You can view more pictures here:

http://s12.photobucket.com/albums/a220/laguna73/Bicycle/




From what little bit of research I've done, I think this may be a Model C??

Any advice or info anyone can provide will be GREATLY appreciated!


----------



## Adamtinkerer (Apr 23, 2009)

Wow, what a find! The seat is a replacement, and the rack is a period add on. Never heard of the Latonia badge, might be a rare bird. Schwinn serial #'s were lost in a 1948 fire, but your Morrow brake hub will have a letter code under 'Eclipse machine co. Elmira NY' which indicates the year. It'll also say '36', but that's the spoke count. I dont have the codes in front of me, but if you post the letter, me, or one of our many cycle scholars can decode it.
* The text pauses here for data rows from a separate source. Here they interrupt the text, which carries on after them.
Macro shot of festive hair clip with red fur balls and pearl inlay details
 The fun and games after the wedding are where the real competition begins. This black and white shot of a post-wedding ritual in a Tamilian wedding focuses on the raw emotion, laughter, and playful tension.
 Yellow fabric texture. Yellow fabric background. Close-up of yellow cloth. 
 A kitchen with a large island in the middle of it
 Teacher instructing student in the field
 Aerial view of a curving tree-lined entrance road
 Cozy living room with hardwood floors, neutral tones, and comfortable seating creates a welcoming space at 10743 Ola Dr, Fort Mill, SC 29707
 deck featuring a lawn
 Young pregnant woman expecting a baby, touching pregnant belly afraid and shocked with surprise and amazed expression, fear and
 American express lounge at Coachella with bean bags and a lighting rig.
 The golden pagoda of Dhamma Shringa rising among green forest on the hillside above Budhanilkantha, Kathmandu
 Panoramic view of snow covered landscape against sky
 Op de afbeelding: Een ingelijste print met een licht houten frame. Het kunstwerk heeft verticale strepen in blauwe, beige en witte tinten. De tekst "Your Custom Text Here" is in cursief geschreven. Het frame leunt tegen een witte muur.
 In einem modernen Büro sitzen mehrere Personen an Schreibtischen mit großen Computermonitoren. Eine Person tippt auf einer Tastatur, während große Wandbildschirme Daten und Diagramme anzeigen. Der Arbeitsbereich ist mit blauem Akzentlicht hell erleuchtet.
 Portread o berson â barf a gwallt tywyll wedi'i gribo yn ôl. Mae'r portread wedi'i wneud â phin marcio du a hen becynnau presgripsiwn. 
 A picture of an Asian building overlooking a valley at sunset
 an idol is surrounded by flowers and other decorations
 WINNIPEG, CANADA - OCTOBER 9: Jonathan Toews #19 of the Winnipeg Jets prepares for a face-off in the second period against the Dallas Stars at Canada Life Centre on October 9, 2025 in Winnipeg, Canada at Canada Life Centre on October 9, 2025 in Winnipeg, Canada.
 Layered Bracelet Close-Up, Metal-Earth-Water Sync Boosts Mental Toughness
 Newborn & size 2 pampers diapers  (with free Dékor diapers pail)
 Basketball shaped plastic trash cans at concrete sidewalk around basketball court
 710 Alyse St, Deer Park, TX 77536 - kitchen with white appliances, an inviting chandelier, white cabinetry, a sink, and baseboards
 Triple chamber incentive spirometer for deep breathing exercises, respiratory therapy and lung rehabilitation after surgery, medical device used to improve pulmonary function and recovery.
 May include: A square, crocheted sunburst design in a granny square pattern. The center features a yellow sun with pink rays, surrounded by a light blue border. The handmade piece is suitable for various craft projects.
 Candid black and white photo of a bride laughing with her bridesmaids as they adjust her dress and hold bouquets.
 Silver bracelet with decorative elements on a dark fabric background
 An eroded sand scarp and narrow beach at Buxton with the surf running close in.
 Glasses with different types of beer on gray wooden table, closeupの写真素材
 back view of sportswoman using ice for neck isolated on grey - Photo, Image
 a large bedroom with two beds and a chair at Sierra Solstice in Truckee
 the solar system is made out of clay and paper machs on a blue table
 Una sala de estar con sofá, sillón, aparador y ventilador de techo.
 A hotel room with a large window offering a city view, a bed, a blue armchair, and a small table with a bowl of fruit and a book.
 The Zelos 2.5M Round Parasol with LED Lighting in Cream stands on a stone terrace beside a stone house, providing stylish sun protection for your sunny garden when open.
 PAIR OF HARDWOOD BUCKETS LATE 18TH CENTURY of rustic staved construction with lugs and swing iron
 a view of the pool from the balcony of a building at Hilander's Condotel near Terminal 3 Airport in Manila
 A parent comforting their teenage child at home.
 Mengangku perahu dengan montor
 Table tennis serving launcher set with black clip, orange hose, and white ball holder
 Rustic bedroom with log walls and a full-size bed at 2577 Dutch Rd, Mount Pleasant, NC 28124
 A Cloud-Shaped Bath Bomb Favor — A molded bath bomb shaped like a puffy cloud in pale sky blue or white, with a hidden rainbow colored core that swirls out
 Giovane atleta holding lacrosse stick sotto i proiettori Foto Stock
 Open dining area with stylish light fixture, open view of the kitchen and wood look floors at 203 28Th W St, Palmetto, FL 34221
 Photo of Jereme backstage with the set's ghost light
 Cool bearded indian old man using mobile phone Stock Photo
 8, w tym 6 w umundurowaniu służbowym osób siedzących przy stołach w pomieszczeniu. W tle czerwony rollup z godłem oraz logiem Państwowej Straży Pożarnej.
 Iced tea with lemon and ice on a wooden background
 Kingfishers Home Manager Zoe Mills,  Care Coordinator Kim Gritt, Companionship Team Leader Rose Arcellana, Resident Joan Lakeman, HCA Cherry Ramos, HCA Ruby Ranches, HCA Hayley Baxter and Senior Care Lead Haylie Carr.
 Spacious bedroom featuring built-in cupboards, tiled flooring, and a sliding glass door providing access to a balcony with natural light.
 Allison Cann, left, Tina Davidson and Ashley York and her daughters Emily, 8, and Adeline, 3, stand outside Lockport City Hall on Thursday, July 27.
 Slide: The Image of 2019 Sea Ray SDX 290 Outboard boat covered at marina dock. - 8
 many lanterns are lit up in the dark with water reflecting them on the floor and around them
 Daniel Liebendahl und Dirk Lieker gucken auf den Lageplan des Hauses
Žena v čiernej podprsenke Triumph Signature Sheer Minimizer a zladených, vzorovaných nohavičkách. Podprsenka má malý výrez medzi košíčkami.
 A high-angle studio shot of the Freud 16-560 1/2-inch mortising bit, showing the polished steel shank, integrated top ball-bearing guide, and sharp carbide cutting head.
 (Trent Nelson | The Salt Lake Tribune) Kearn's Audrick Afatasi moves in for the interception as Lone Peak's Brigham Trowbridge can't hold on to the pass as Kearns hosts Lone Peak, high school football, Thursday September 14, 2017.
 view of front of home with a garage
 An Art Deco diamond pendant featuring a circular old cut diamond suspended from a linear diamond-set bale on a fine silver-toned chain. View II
Welcome to the hobby, with a great bike like that, you're off to an amazing start!


----------



## Xcelsior (Apr 23, 2009)

*Thats it*

frame is a 35 double diamond.  First year cycle plane w/ bunch of later added parts.  nice find!


----------



## markivpedalpusher (Apr 23, 2009)

Yup def not c model add some cross brace handlebars with T stem or a/s razor back, long spring seat, miller kickstand, hockey stick chain guard and you will be good to go. That paint will clean up as well. Nice score!

This is a Mead Ranger made by Schwinn for Mead. 36 model came out in 37 for Mead.


----------